Principal / Staff Software Engineer
Backend • MLOps • Cloud Infrastructure | Rajkot, Gujarat | 10+ Years | Full-time
Role Overview
We are looking for a Principal / Staff Software Engineer with deep expertise in Python, backend systems, MLOps, and cloud infrastructure. You will design, build, and scale production-grade platforms, lead technical architecture, establish engineering best practices, and deliver reliable, high-performance cloud-native solutions.
Key Areas of Expertise
- Python software development
- Backend, microservices, and distributed systems architecture
- MLOps and machine learning infrastructure
- Cloud infrastructure and networking — AWS, VPCs, DNS, ingress, and service mesh
- Web application development
- Database design and optimization
- CI/CD, DevOps, and automation
- Docker and Kubernetes — containerization, orchestration, and deployment
- Observability — Datadog, Prometheus, Grafana, ELK/OpenSearch, and distributed tracing
- System scalability, reliability, and performance
- Technical leadership and mentoring
Responsibilities
- Architect and build scalable Python backend services, APIs, and distributed systems.

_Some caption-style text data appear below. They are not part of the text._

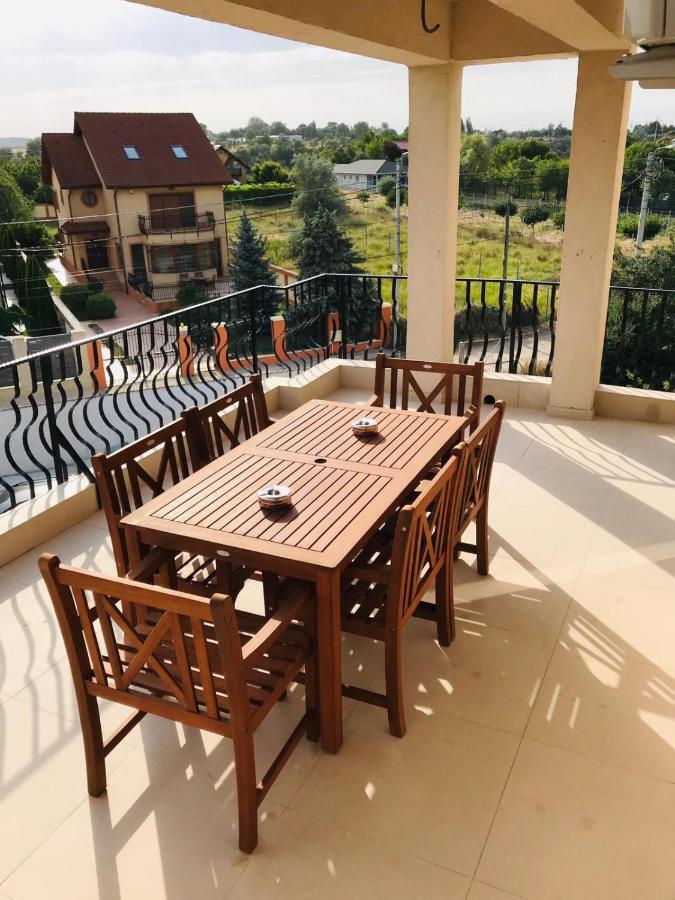 Breeze Villa Mamaia Nord 那沃达利 外观 照片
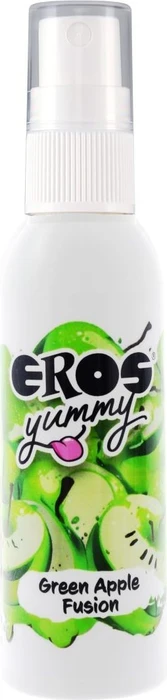Megasol Eros Yummy Green Apple Fusion Geschmacksspray, 50ml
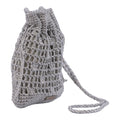 Bombonera mini Simosastre Jaqueline Plata - KimondoShop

- Design and operate end-to-end ML infrastructure — pipelines, model registry, serving, and monitoring.
- Own AWS cloud infrastructure: VPCs, EKS, IAM, networking, and service mesh.
- Manage Kubernetes clusters and containerized workloads in production.
- Build and maintain CI/CD pipelines and infrastructure-as-code (Terraform/Pulumi).
- Set up and maintain observability stacks and drive SLO/reliability engineering.
- Lead code reviews, define engineering standards, and mentor engineers.
- Design and optimize relational and non-relational database schemas and query performance
Requirements
- 10+ years of software engineering experience with significant time in senior or staff-level roles.
- Expert-level Python — FastAPI, async, testing, and performance optimization.
- Hands-on MLOps experience: MLflow, Kubeflow, Airflow, or equivalent; model serving with TorchServe, Triton, or BentoML.
- Advanced AWS — EKS, EC2, RDS, S3, Lambda, VPC design, IAM, and CloudFront.
- Production Kubernetes — Helm, autoscaling, network policies, and RBAC.
- CI/CD and IaC — GitHub Actions, Terraform or Pulumi, GitOps with ArgoCD or FluxCD.
- Strong observability toolkit — Datadog, Prometheus, Grafana, OpenTelemetry, ELK/OpenSearch.
- Database proficiency — PostgreSQL, Redis, MongoDB; query tuning and schema design.
- Strong communication skills and ability to lead technical discussions with engineering and non-engineering stakeholders.